В октябре Лбов еще раз созвал наиболее преданных ему товарищей и вместе с ними решился на целый ряд крутых и жестоких мер. Он запретил принимать кого бы то ни было в отряды; он приказал расстреливать всех бандитов, действующих под именем лбовцев; приказал прекратить на время всякую экспроприаторскую работу, уйти в леса, заняться постройкой зимних квартир и дать передохнуть населению от постоянного свиста пуль, набегов жандармов, массовых арестов и провокаций с тем, чтобы после этой передышки, весною, с ядром из крепко сколоченного, выдержанного отряда поднять настоящее революционное восстание.
Но было уже поздно. До полиции через провокатора дошли об этом сведения. Она переполошилась, когда узнала, что Лбов собирается вводить дисциплину, ибо ее ставка была на подрыв авторитета Лбова в глазах населения — ставка умная и правильная.

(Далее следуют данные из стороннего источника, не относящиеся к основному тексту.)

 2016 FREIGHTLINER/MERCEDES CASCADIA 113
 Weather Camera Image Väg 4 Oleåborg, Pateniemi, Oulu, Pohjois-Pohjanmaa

Через несколько дней после получения сведений от провокатора была послана срочная шифрованная телеграмма в Петербург, и еще через несколько дней был получен особо секретный, шифрованный ответ, гласящий, что охранное отделение предпринимает последний и самый решительный удар по Лбову с той стороны, откуда он меньше всего его ожидает.
Октябрьским темным, шуршащим листьями вечером скорый поезд из Петербурга доставил в Пермь хорошо одетого, закутанного в широкий зеленый плащ человека.
Это был не простой человек, не простой провокатор охранки, не простой жандармский шпик, — это был член ЦК партии эсеров, талантливейший шеф провокаторов Российской империи — Эвно Азеф.
Уже через три дня он виделся со Лбовым. Свидание происходило в Мотовилихе, на квартире одного из старых эсеров. Азеф был человеком, авторитет которого стоял очень высоко в глазах Лбова, ибо Азеф был сам боевиком, старым боевиком, известным всей подпольной и революционной России.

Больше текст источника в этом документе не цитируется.